Imaginez que vous possédiez un quasi-monopole sur le marché publicitaire du web et que votre nouvel outil d’intelligence artificielle vous oblige à revoir votre modèle économique. C’est plus ou moins la situation dans laquelle se trouve Google qui est en train de mettre au point son assistant de recherche baptisé SGE, pour search generative experience. Plutôt que de proposer une série de liens hypertextes, cet outil est censé fournir une sorte de synthèse écrite qui répond parfaitement à la requête posée. Non seulement ce fonctionnement s’avère très coûteux en ressources serveur, mais il empêche aussi l’affichage de liens sponsorisé qui représentent plus de la moitié des revenus d’Alphabet, soit la coquette de somme de 175 milliards de dollars par an. L’expression « se tirer une balle dans le pied » n'a jamais pesé aussi lourd que dans ce cas précis.
Payer pour faire de la recherche web ?
Pour pallier ce problème, le Financial Times dévoile que Google envisage de faire payer cette fonctionnalité sous la forme d’un abonnement premium. Si ce projet semble être encore dans les limbes, la firme a rassuré ses clients en indiquant qu’elle n’envisageait pas de mettre fin au sponsoring et serait donc en train de chercher une solution qui consiste à nous faire payer la recherche ET à inclure de la publicité en même temps. De quoi poser de grosses questions d’éthique (quid d’un résultat généré par IA et « sponsorisé » par une marque ? ) et installer une situation paradoxale vis-à-vis du concept même du premium. S’ajoute à cela l’inquiétude bien légitime des éditeurs de site web et notamment des médias qui risquent de voir le nombre de visites diminuer à mesure que les internautes se contenteront de résumés générés par écrit.
Éviter « l’emmerdification » des plateformes
Si cette histoire de premium n’est pour le moment qu’une option envisagée, elle marque un véritable tournant dans la manière dont on envisage l’utilisation du web depuis près de 30 ans. Depuis les premiers portails web comme Yahoo! aux moteurs plus récents, ces outils ont toujours été libres d’accès. Mais ce paradigme est en train de changer avec l’arrivée de l’IA générative. On sait déjà que Google traite les écrits générés par intelligence artificielle et ceux écrits par des humains de la même manière. On sait aussi que Google Book prend désormais en compte des livres de mauvaise qualité générés par IA. Entre les liens sponsorisés et les résultats de moins en moins pertinents, Google perd son principal attrait qui consistait à connecter des requêtes précises à des réponses précises données par d’autres internautes dans des forums plus ou moins spécialisés.

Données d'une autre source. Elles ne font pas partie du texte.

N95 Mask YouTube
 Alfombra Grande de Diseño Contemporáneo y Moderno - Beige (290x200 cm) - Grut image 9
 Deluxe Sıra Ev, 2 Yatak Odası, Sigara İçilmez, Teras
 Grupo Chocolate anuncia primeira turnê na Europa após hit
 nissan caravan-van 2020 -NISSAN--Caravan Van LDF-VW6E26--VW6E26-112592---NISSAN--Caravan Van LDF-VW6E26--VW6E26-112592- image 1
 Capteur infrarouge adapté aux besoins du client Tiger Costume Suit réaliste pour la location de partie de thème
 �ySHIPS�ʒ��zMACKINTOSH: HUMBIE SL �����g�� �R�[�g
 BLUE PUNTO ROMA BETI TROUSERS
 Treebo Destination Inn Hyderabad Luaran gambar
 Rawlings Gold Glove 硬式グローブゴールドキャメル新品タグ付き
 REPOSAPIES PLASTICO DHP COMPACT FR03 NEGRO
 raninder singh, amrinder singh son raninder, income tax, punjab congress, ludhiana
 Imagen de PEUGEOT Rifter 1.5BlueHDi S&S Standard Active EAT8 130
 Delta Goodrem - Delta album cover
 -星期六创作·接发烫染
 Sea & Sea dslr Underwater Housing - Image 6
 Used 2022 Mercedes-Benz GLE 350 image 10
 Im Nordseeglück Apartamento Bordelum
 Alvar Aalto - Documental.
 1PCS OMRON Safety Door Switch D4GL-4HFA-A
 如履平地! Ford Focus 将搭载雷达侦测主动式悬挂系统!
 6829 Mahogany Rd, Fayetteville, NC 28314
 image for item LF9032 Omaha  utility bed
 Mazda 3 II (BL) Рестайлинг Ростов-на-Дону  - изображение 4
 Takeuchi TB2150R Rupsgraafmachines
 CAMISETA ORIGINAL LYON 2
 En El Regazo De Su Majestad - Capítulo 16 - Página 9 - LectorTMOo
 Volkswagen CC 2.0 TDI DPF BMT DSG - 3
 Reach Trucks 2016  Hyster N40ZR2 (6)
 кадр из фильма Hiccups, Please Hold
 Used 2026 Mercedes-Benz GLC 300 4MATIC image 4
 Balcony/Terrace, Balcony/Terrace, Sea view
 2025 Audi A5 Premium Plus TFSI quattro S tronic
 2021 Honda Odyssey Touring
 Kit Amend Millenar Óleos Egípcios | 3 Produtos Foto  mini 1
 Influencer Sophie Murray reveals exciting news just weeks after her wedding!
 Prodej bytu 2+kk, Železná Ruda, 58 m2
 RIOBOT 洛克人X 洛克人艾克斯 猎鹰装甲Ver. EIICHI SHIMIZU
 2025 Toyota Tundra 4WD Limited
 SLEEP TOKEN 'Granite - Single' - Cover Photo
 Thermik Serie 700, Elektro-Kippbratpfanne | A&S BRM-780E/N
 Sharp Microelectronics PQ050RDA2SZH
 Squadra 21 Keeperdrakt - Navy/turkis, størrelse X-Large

Étant donné que ces informations fournies par des pairs et des experts sont en train d’être noyées sous un tsunami de contenus de basse qualité, les internautes se tournent vers d’autres plateformes comme TikTok qui est tout aussi bordélique, mais offre au moins l’illusion d’accéder à des conseils donnés par d’autres humains.
Vers un web à deux vitesses
Le futur du web tel qui se dessine pourrait être le suivant : on se retrouverait d’un côté avec des moteurs de recherche toujours gratuits, mais incluant des résultats de mauvaise qualité générés par des IA, et de l’autre des moteurs de recherche payants et assistés par une IA qui générerait une synthèse. Avant que Google ne se décide à sauter le pas, il existe déjà un modèle de ce type qui nous est rapporté par 404media. Il s’agit de Kagi, un moteur de recherche fondé en 2018 et lancé l’année dernière, dont la formule payante atteint la somme astronomique de 10 dollars par mois. En échange, il ne montre pas de publicités et diminue la visibilité des liens menant vers des sites contenant trop de sponsors et de traqueurs. Il mène aussi ses recherches sur de multiples moteurs de recherche généralistes et spécialisés comme Google, Yandex, Mojeek, Brave ou Wikimedia Commons et pense proposer dans un avenir proche des résumés de recherche boostés à l’intelligence artificielle. Nous nous dirigerons donc sûrement vers un monde qui se divisera en deux catégories. Ceux qui vont subir l’IA et ceux qui payeront pour être servis par cette dernière.